Health Serv Res. 2000 Mar;34(7):1469-89.

Abstract

Objective: To determine if a widely used proprietary risk-adjustment system, APR-DRGs, misadjusts for severity of illness and misclassifies provider performance.

Data sources: (1) Discharge abstracts for 116,174 noninstitutionalized adults with acute myocardial infarction (AMI) admitted to nonfederal California hospitals in 1991-1993; (2) inpatient medical records for a stratified probability sample of 974 patients with AMIs admitted to 30 California hospitals between July 31, 1990 and May 31, 1991.

Study design: Using the 1991-1993 data set, we evaluated the predictive performance of APR-DRGs Version 12. Using the 1990/1991 validation sample, we assessed the effect of assigning APR-DRGs based on different sources of ICD-9-CM data.

Data collection/extraction methods: Trained, blinded coders reabstracted all ICD-9-CM diagnoses and procedures, and established the timing of each diagnosis. APR-DRG Risk of Mortality and Severity of Illness classes were assigned based on (1) all hospital-reported diagnoses, (2) all reabstracted diagnoses, and (3) reabstracted diagnoses present at admission. The outcome variables were 30-day mortality in the 1991-1993 data set and 30-day inpatient mortality in the 1990/1991 validation sample.

Principal findings: The APR-DRG Risk of Mortality class was a strong predictor of death (c = .831-.847), but was further enhanced by adding age and sex.

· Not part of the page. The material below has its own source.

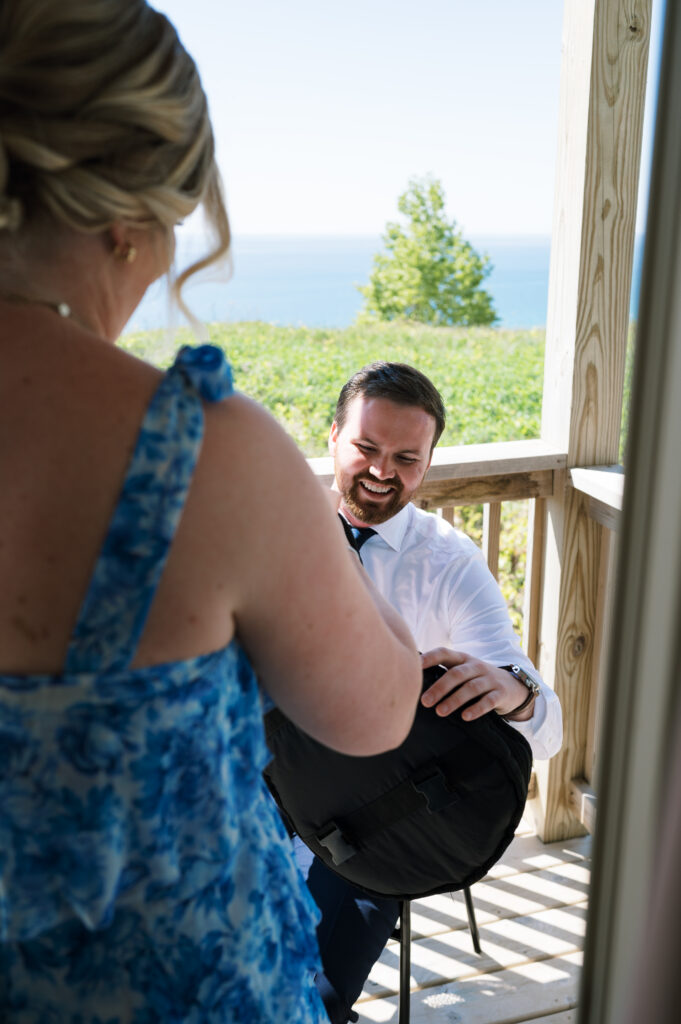 Brides sister giving groom his gift on the balcony with Lake Michigan in the background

Reabstracting diagnoses improved the apparent performance of APR-DRGs (c = .93 versus c = .87), while using only the diagnoses present at admission decreased apparent performance (c = .74). Reabstracting diagnoses had less effect on hospitals' expected mortality rates (r = .83-.85) than using diagnoses present at admission instead of all reabstracted diagnoses (r = .72-.77). There was fair agreement in classifying hospital performance based on these three sets of diagnostic data (K = 0.35-0.38).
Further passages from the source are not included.